I also tred QinQ in this system works well.
anything wrong with it? It is really don`t make sense

brada4 · July 26, 2024, 8:01pm

You can have 12 adapters in hyperv vm.

mingwei · July 29, 2024, 1:43am

I uesd "Set-VMnetworkAdapterVlan ....-Trunk -NativeVlanID 201 -AllowedVlanIdlist "1-4094"" to deal wtith it .
windows HyperV cm.
But I still dont know the reason of Vlan message cant put out from openSWRT to hyperV

brada4 · July 29, 2024, 2:35am

You can totally use 2 adapters. This is not windows help phone.

mingwei · July 29, 2024, 3:58am

yes ，I have 12 adapters,NAT works well without vlan.But I need 12 same S-IP,S-port，D-IP,D-port messages in same switch ，I want to use Vlan to isolation them. the question is the OpenWRT s Vlan message cant put out.
I think it is Hyper-Vs VMswitch question when I did it use "-Trunk -NativeVlanID 201" cmd to adapter yesterday.
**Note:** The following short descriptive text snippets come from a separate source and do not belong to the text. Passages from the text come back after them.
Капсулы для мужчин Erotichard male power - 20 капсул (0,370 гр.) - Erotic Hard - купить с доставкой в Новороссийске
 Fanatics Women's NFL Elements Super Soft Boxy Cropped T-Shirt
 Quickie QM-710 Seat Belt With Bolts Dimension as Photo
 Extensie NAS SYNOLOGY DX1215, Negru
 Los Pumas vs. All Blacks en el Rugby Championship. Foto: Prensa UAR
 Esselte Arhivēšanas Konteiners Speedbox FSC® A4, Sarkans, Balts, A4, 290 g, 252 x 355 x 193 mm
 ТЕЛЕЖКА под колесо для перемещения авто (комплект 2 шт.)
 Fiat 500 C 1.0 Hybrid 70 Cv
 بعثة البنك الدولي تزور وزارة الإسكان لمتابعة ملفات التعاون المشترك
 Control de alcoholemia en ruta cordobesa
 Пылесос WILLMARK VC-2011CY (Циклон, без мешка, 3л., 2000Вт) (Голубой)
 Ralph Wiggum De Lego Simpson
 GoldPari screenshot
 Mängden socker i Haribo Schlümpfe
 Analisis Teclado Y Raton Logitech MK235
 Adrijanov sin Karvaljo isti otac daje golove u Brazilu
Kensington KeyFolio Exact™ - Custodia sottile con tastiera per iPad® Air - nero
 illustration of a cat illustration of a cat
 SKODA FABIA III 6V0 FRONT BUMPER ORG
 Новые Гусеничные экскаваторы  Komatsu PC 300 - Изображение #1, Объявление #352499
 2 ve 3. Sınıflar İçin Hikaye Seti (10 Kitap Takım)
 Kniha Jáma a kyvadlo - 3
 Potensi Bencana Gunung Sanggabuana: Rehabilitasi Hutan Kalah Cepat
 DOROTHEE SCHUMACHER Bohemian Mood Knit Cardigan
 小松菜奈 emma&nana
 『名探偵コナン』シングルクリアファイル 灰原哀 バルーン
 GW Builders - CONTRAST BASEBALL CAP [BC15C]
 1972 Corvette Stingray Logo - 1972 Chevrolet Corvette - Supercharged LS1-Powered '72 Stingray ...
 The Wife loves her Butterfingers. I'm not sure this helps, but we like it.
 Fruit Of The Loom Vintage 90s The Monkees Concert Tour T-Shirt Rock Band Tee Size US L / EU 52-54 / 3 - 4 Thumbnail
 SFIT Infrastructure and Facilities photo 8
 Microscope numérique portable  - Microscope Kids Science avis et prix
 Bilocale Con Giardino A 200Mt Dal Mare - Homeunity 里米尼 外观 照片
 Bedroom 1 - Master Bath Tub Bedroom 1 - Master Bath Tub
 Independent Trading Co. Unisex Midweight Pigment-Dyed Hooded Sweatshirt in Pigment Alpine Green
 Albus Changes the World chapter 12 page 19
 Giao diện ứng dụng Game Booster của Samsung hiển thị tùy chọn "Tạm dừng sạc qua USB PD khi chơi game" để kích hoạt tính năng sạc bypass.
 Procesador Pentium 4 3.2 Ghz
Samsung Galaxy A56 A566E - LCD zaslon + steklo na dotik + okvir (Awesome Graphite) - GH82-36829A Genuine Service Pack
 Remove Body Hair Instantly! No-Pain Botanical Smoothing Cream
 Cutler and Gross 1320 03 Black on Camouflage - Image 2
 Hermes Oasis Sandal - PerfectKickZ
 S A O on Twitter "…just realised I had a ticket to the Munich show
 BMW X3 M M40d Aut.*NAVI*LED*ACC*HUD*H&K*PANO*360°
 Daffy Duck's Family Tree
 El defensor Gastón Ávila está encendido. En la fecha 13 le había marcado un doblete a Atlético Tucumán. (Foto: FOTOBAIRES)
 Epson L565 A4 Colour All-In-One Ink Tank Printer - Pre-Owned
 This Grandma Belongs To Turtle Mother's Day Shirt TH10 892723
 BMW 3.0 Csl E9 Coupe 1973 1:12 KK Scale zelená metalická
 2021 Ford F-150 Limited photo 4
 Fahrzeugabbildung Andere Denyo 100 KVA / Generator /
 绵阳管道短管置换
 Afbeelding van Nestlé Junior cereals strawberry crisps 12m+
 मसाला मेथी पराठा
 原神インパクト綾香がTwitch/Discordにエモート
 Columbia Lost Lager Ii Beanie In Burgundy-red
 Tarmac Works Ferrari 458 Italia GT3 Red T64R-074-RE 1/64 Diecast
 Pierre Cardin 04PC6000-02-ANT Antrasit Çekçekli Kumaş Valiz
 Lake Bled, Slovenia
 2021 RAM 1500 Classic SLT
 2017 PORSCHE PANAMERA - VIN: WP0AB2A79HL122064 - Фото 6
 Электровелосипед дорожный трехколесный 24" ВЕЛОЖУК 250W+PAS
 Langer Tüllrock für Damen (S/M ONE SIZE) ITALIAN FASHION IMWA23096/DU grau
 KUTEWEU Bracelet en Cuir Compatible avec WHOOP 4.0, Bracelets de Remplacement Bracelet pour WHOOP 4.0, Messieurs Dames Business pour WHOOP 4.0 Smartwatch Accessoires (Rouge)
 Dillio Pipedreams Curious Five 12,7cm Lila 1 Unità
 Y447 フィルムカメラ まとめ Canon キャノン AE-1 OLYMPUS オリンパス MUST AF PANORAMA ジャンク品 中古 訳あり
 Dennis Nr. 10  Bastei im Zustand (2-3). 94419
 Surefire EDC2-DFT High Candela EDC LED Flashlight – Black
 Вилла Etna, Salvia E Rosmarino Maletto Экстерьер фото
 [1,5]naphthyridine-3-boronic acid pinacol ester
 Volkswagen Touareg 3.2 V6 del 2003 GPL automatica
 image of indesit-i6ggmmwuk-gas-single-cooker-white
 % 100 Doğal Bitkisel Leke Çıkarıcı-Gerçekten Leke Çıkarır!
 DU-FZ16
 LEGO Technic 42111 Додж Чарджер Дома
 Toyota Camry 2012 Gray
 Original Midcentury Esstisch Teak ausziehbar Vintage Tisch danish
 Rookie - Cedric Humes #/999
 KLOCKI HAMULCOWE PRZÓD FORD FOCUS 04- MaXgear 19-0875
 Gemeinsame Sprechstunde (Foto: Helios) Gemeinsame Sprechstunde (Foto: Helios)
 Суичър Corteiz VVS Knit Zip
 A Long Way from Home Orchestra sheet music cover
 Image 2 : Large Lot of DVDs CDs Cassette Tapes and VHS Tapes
But, I have another system use QinQ VLAN in openWRT &hyper-V, it works well also. and I checked the Hyper-Vs VMswitch adapter set is Untaged .
I dont know where is wrong, 2 parts : 1,Is openWRT Wrong? but I did as openWRT VLANs help.
2,Is hyper-V wrong ? but my another QinQ systerm don`t need any trunk config windows hyper-V.

brada4 · July 29, 2024, 4:09am

This is not microsoft helpdesk, no telling how microsoft tags/untags your configuration. You can run network traces and try to guess next parameter to do right way.

There should be space better, or even better commens on separate lines/

You use QinQ aka 11ad - double encapsulation. Thats not what microsoft claims supporting.